Our Milky Way smashed into its neighbouring Andromeda galaxy around 10 billion years ago, European astronomers suggest.
Previous studies have suggested that our galaxy is set to crash into Andromeda in 3-4 billion years, and that this will be the first time such a collision has taken place.
However, now a European team of astronomers led by Hongsheng Zhao of the University of St Andrews propose that the two star systems collided some 10 billion years ago and that our understanding of gravity is fundamentally wrong.
This would neatly explain the observed structure of the two galaxies and their satellites, something that has been difficult to account for until now, researchers said.

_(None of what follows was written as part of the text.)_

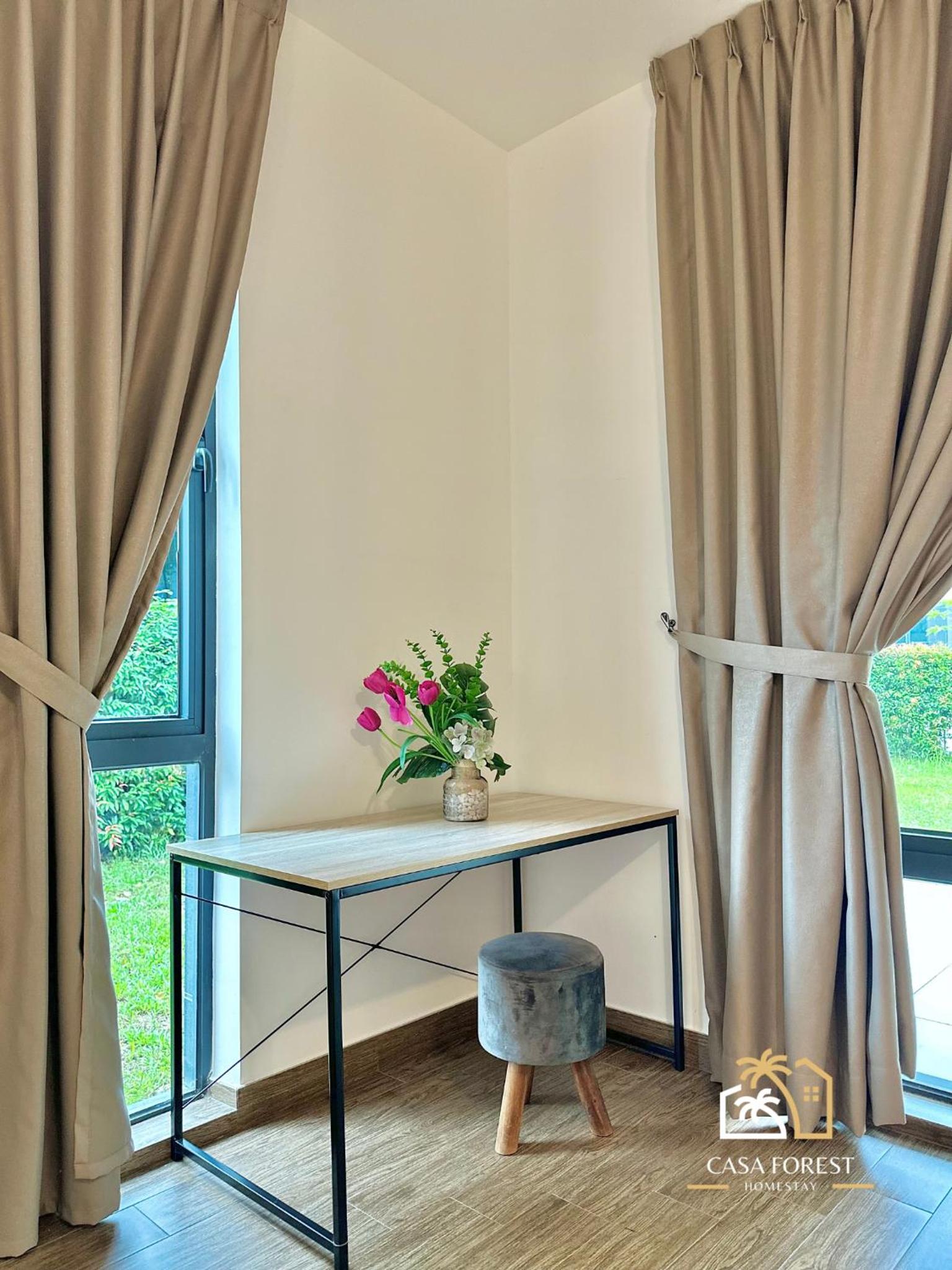 Casa Forest Modern Suites at Forest City JB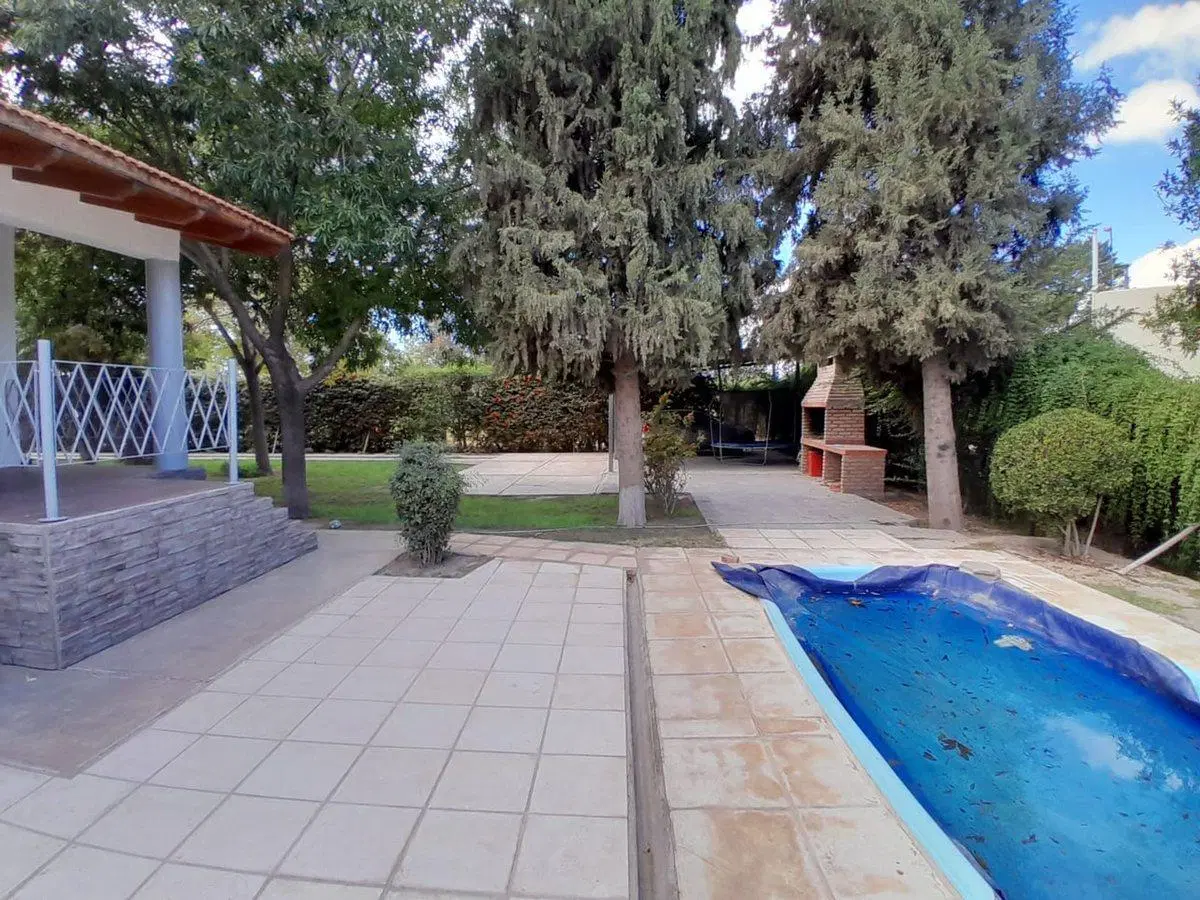 Casa sobre terreno de 1307 m2. Santa Lucia 5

The Milky Way, made up of about 200 billion stars, is part of a group of galaxies called the Local Group. Astrophysicists often theorise that most of the mass of the Local Group is invisible, made of so-called dark matter.
Zhao and his team argue that at present the only way to successfully predict the total gravitational pull of any galaxy or small galaxy group, before measuring the motion of stars and gas in it, is to make use of a model first proposed by Professor Mordehai Milgrom of the Weizmann Institute in Israel in 1983.
This modified gravity theory (Modified Newtonian Dynamics or MOND) describes how gravity behaves differently on the largest scales, diverging from the predictions made by Newton and Einstein, researchers said.
Zhao and his colleagues have for the first time used this theory to calculate the motion of Local Group galaxies. Their work suggests that the Milky Way and Andromeda galaxies had a close encounter about 10 billion years ago.
If gravity conforms to the conventional model on the largest scales then taking into account the supposed additional pull of dark matter, the two galaxies would have merged.
“Dark matter would work like honey: in a close encounter, the Milky Way and Andromeda would get stuck together, figuratively speaking,” said team member Pavel Kroupa from Bonn University.
“But if Milgrom’s theory is right, then there are no dark particles and the two large galaxies could have simply passed each other thereby drawing matter from each other into long thin tidal arms,” said Dr Benoit Famaey from Observatoire Astronomique de Strasbourg.
“New little galaxies would then form in these arms, a process often observed in the present-day universe,” added team member Fabian Lueghausen, also from Bonn.
“The only way to explain how the two galaxies could come close to each other without merging is if dark matter isn’t there. Observational evidence for a past close encounter would then strongly support the Milgromian theory of gravity,” Zhao said.